"La vie était si violente et si contrastée qu'elle répandait l'odeur mêlée du sang et des roses" ("L'automne du Moyen-Âge", Johan Huizinga).
La pièce se passe dans la patrie, à la fin d'une guerre interminable. Jeanne D'arc et Gilles de Ray, en Armures, chevauchent ensemble lors du siège d'Orléans, pendant la guerre de Cent Ans. L'intimité du dialogue est projetée sur grand écran. L'image filmée en gros plan de deux acteurs qui se dandinent, comme sur des chevaux, et échangent des jeux de regards cinématographiques devant la toile de fond d'une contre-plongée dans les arbres d'Automne qui défilent au dessus de leurs têtes. Il y a une fascination mutuelle. Jeanne admire le glorieux maréchal qui lui apparaît le seul à l'accepter comme elle est. Gilles admire cette fille du peule, énergique et authentique, à l'androgynie attirante. Les mots qui sont échangés parlent du courage, de l'engagement et de la Foi. La lâcheté y est le pire de tous les défauts. Mais jusqu'où aller ? Sur cette Toile de l'Histoire, leur histoire ensemble sera suivie de leurs histoires individuelles. L'histoire de Jeanne dans une première partie : "Roses" étant mise en parallèle avec celle de Gilles, dans une deuxième partie : "Sang". Une construction dramaturgique qui s'opère comme un jeu de miroirs et de négatifs ou les deux figures seront broyés entre les dents de l'engrenage qu'ils ont mis en place par leur engagement. Jeanne veut sauver la France dans une recherche de lumière, Gilles voudra sortir des règles sociales et des cadres imposés dans l'exploration de sa part d'ombre. Héros ou meurtriers ils donnent leur vie, et leur honneur pour des causes plus grandes qu'eux. Des personnages qui vont au bout de leur Foi et de leur désir. Des jusqu'au-boutistes qui, par leur histoire, démasquent les pouvoirs totalitaires de l'Eglise Catholique sur les images, les âmes, les esprits et la société (dans laquelle le juridique devient une recherche manichéenne du bien et du mal et de ses figures symboliques : la vierge et le diable). Les germes de l'extrémisme sont ici suggérés dans le principe même de la Foi.
Un parallèle entre le moyen-Age et le présent d'une Europe en fin de cycle. Tom Lanoye à écrit le texte à la demande de Guy Cassier spécialement pour le festival d'Avignon.
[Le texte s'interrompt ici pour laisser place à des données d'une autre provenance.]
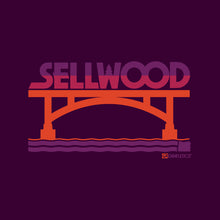 Load image into Gallery viewer, Archival Prints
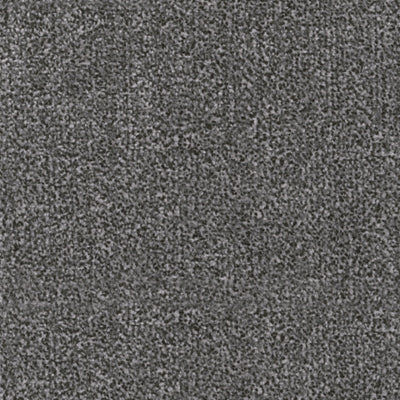 55305S2-COLOR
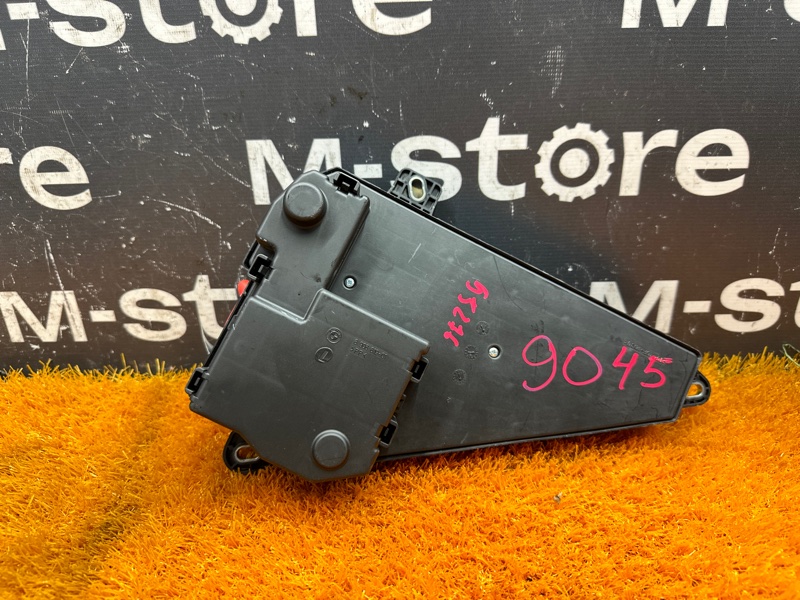 блок предохранителей, 1000 рублей, Красноярск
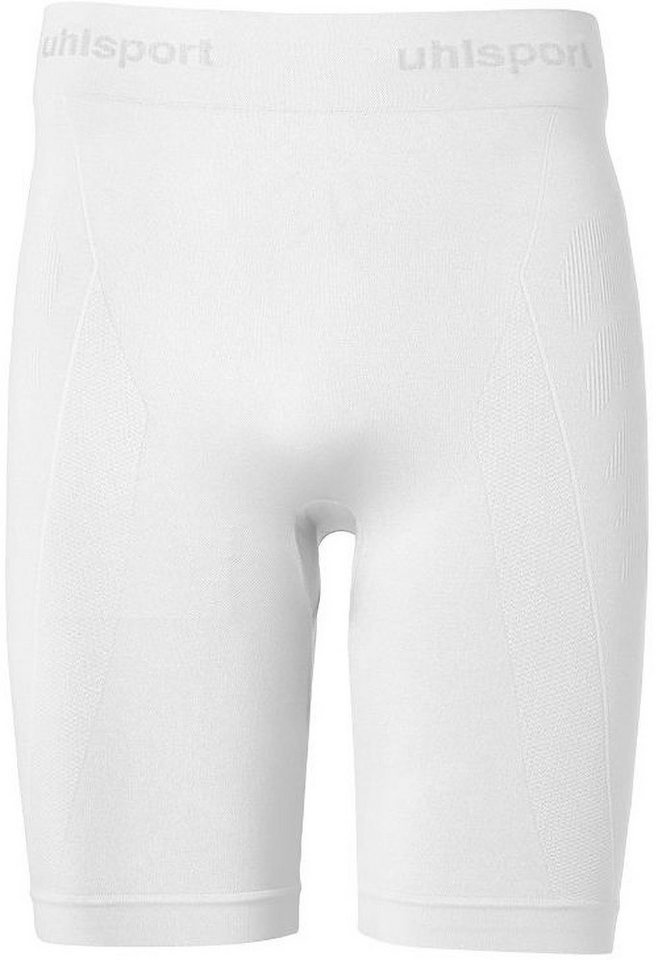 uhlsport Trainingsshorts Shorts Performance Pro von uhlsport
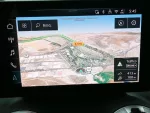 AUDI Q2 Diesel 2025 segunda-mano Jaén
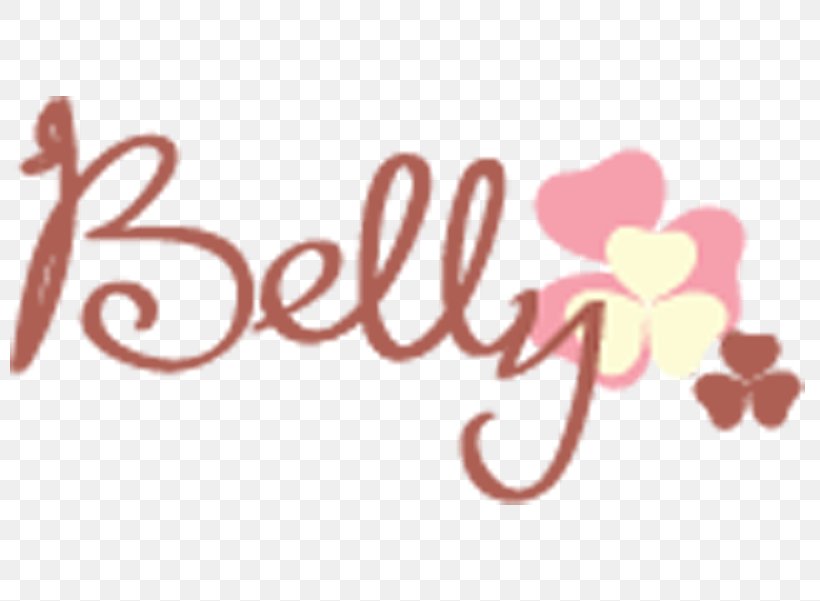 Logo Brand Font Clip Art Pink M, PNG, 800x601px, Logo, Brand, Flower, Heart, Love Download Free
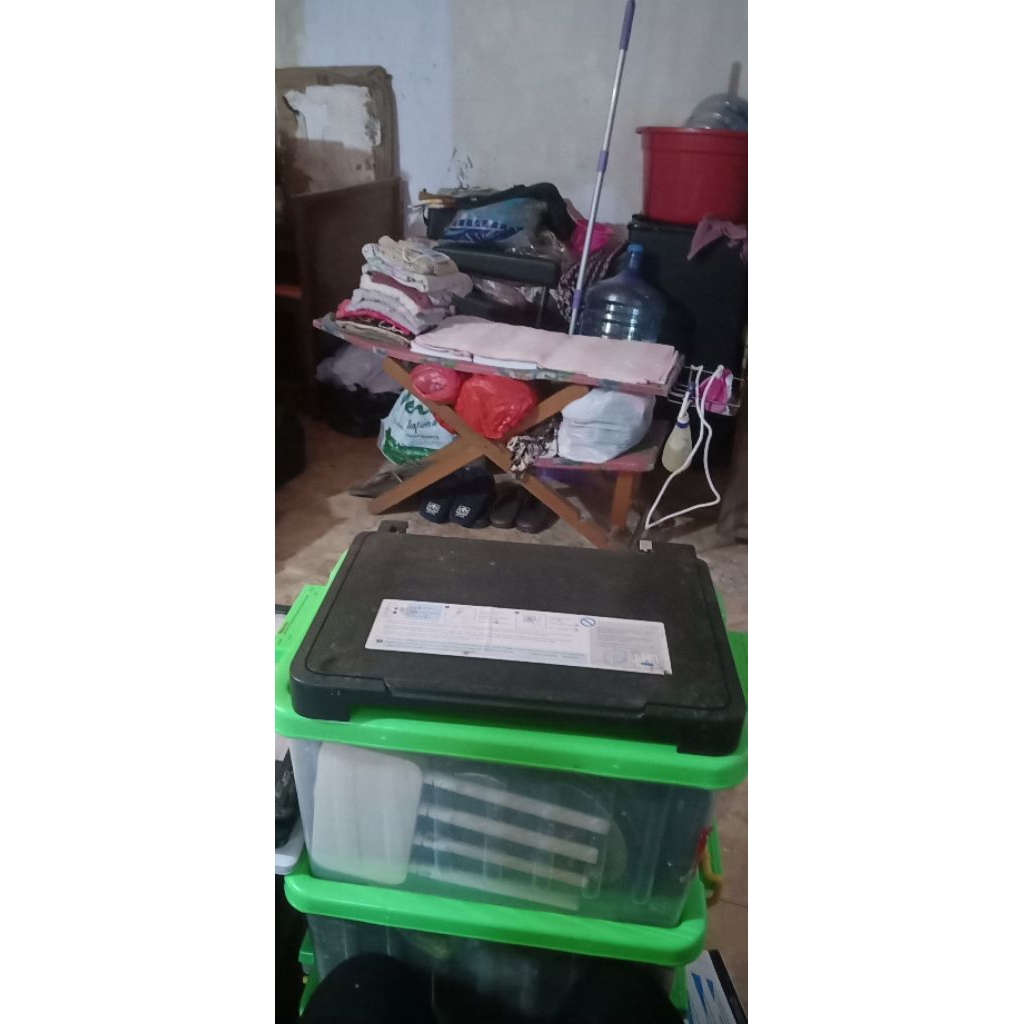 SCANNER COPOTAN PRINTER EPSON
Avec "Sang et Roses", la compagnie Toneelhuis, poursuit son étude passionnante sur le pouvoir politique et ses excès, ses perversions. On retrouve ce même vocabulaire scénique constaté avec "Mephisto for ever" vu en 2007 à Avignon : Un parallèle entre scènes publiques et scène privés, Intérieurs et extérieurs, mis en évidence par les registres de jeu, la vidéo, l'espace sonore et la musique interprétée en direct (ici composée par Dominique Pauwels et chantée par le Choeur du Collegium vocale de Gand).
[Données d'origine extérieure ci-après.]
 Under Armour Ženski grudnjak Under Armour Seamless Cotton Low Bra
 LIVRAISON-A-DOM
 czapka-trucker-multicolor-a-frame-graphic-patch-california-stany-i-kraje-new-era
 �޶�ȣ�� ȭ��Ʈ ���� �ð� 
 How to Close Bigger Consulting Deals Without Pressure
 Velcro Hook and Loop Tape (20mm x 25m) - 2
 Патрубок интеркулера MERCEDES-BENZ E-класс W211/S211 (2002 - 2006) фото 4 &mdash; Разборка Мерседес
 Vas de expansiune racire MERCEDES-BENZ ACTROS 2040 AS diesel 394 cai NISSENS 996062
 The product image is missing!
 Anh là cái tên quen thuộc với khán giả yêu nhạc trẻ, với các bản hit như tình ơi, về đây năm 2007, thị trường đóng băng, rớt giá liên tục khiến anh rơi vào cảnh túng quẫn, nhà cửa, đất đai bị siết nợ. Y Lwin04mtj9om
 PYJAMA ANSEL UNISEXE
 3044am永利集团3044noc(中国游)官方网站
Le théâtre de Guy Cassier s'intéresse à l'histoire de l'Europe à travers une analyse des discours qui s'y développent et des forces sociaux politiques qui s'y affrontent. Derrière des images de notre passé c'est une analyse du présent de notre époque. Pourtant, alors que j'avais beaucoup aimé "Mephisto for ever" je suis un peu décu par la portée émotionnelle de ces signes. Le travail dramaturgique est poussé et passionnant mais la mise en scène me semble un peu tiède. J'aurais eu envie de tellement plus de flamboiements et de cruautés. D'une utilisation plus audacieuse de la cours d'honneur. Allez-y quand même !
"Sang et Roses" de Guy Cassier avec : Katelijne Damen, Stefaan Degand, Abke Haring, Han Kerckhoffs, Johan Leysen, Johan Van Assche et Jos Verbist. En flammand surtitré en français, du 8 au 12 Février 2012 au théâtre de l'Odéon, Paris.